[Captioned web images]
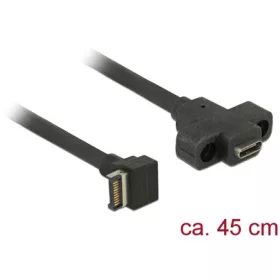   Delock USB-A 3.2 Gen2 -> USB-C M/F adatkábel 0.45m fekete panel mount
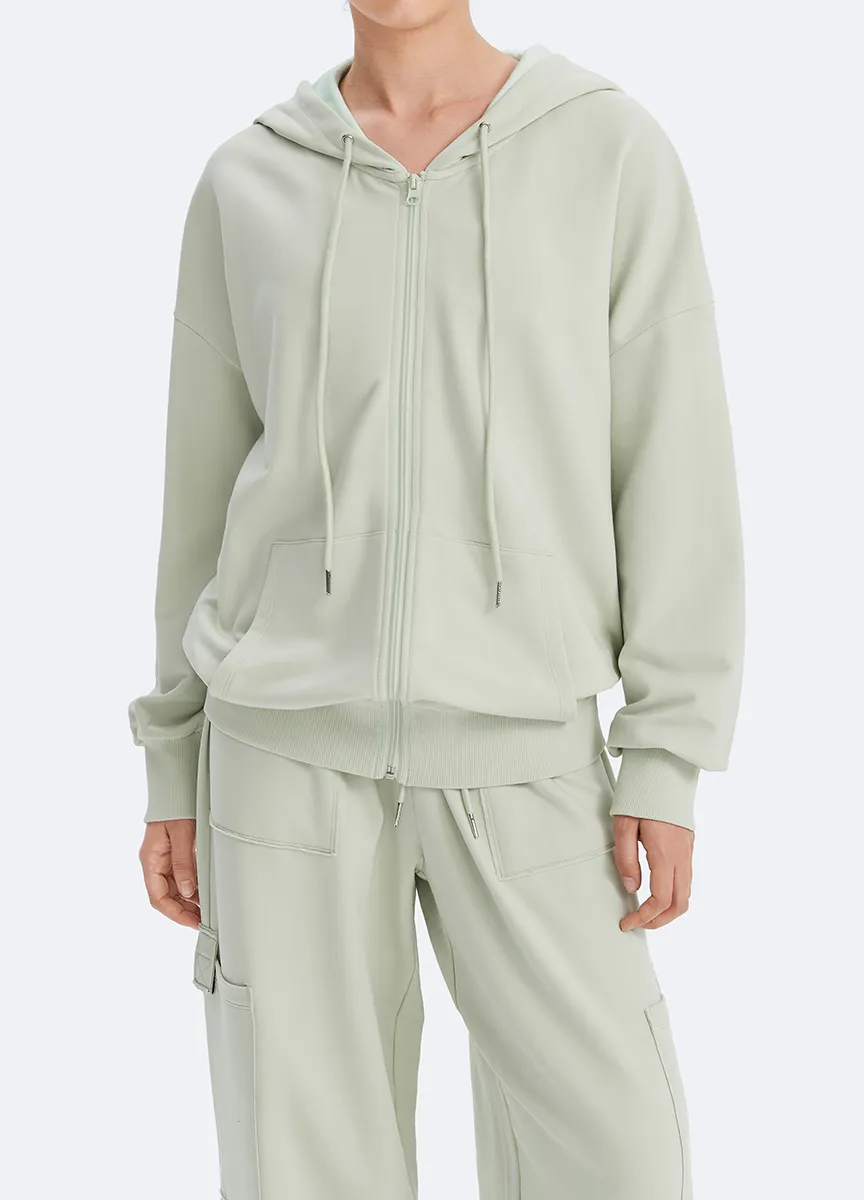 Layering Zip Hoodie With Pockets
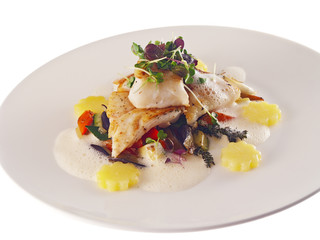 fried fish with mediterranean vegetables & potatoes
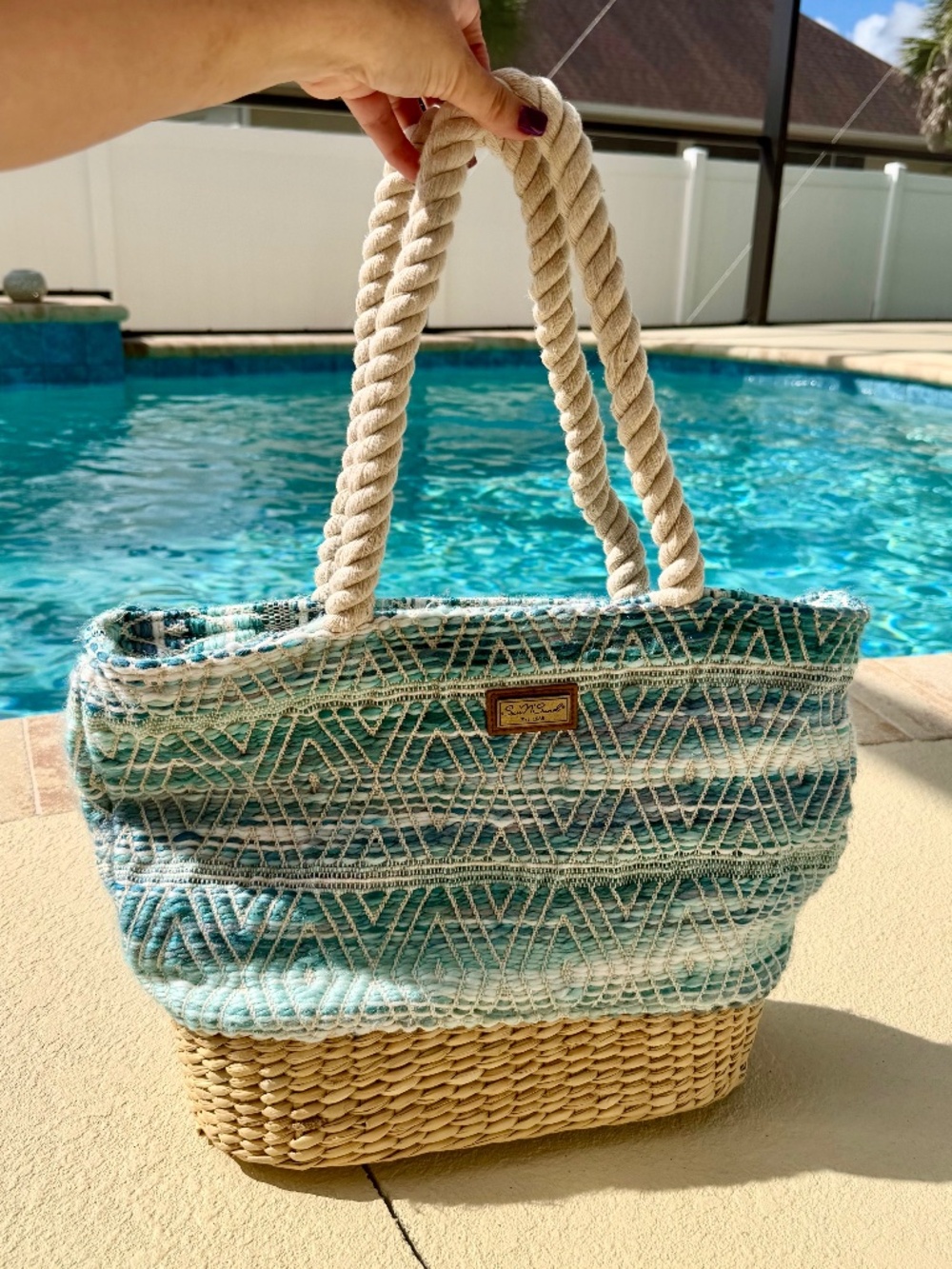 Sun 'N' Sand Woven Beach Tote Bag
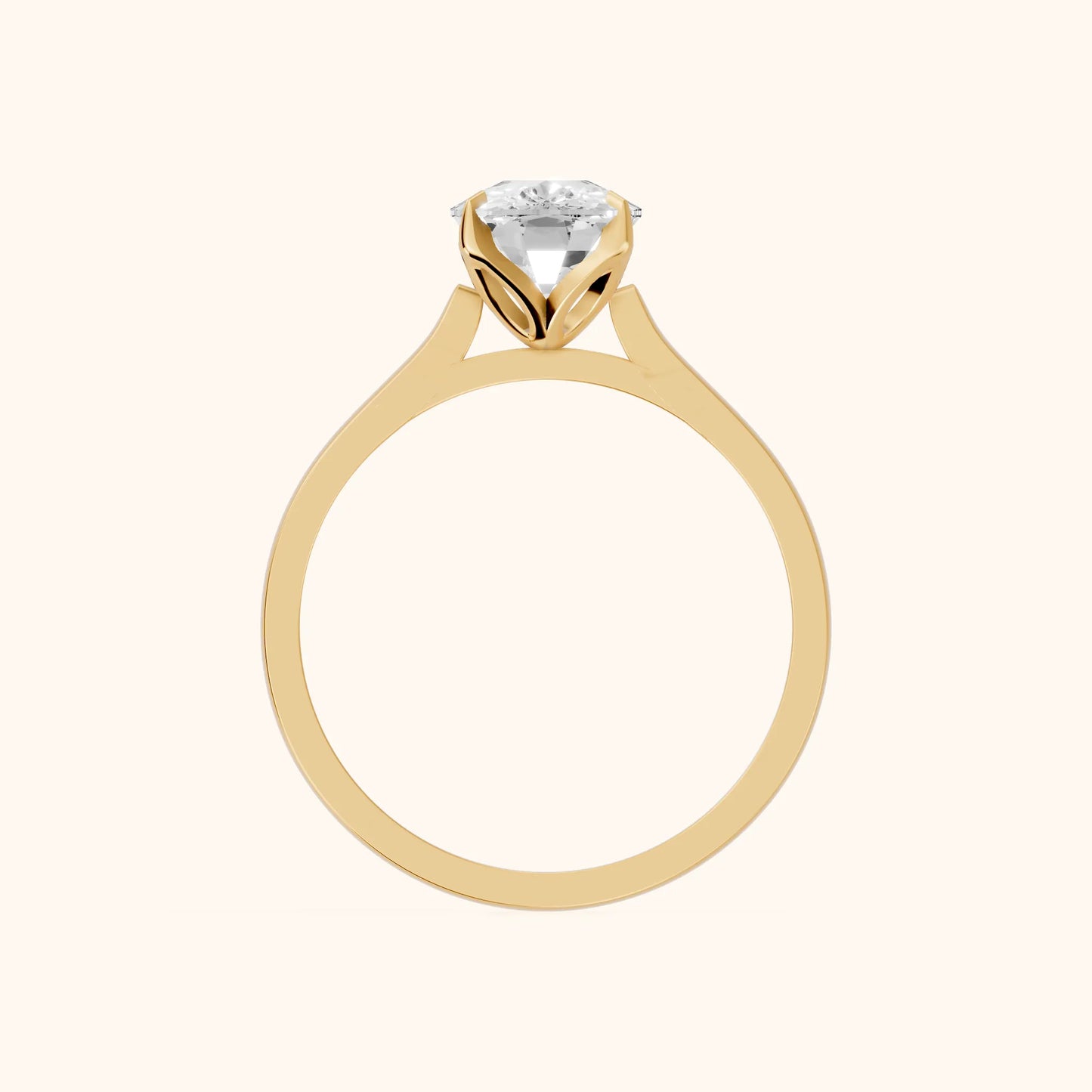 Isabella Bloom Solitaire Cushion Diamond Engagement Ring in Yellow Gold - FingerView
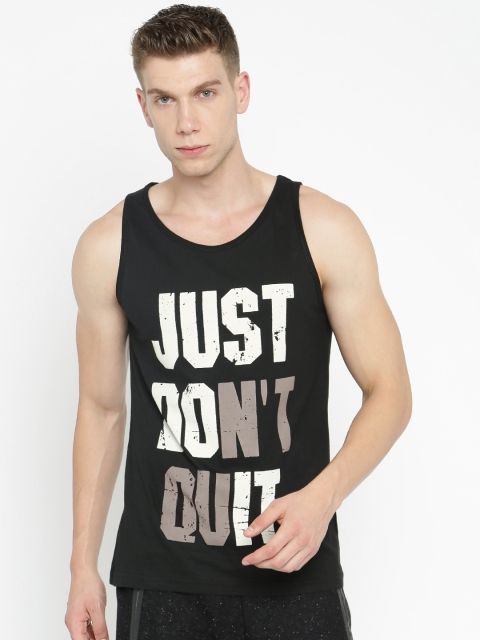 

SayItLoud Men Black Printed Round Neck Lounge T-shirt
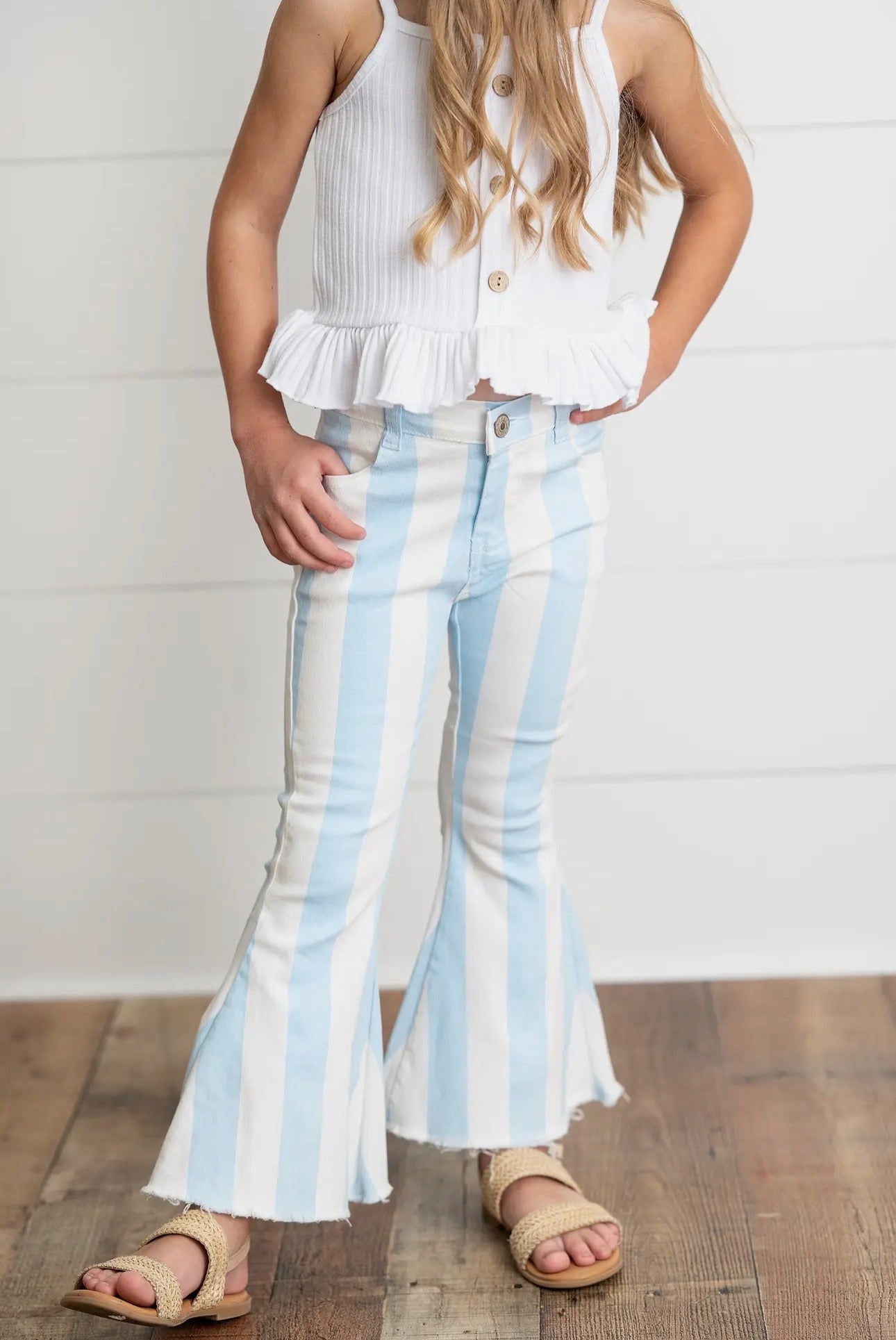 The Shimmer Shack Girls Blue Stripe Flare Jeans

- HOW TO COMPLETE THIS TASK -
Restate the entries above word for word, minus the pictures.

- TASK ANSWER -
   Delock USB-A 3.2 Gen2 -> USB-C M/F adatkábel 0.45m fekete panel mount
 Layering Zip Hoodie With Pockets
 fried fish with mediterranean vegetables & potatoes
 Sun 'N' Sand Woven Beach Tote Bag
 Isabella Bloom Solitaire Cushion Diamond Engagement Ring in Yellow Gold - FingerView

SayItLoud Men Black Printed Round Neck Lounge T-shirt
 The Shimmer Shack Girls Blue Stripe Flare Jeans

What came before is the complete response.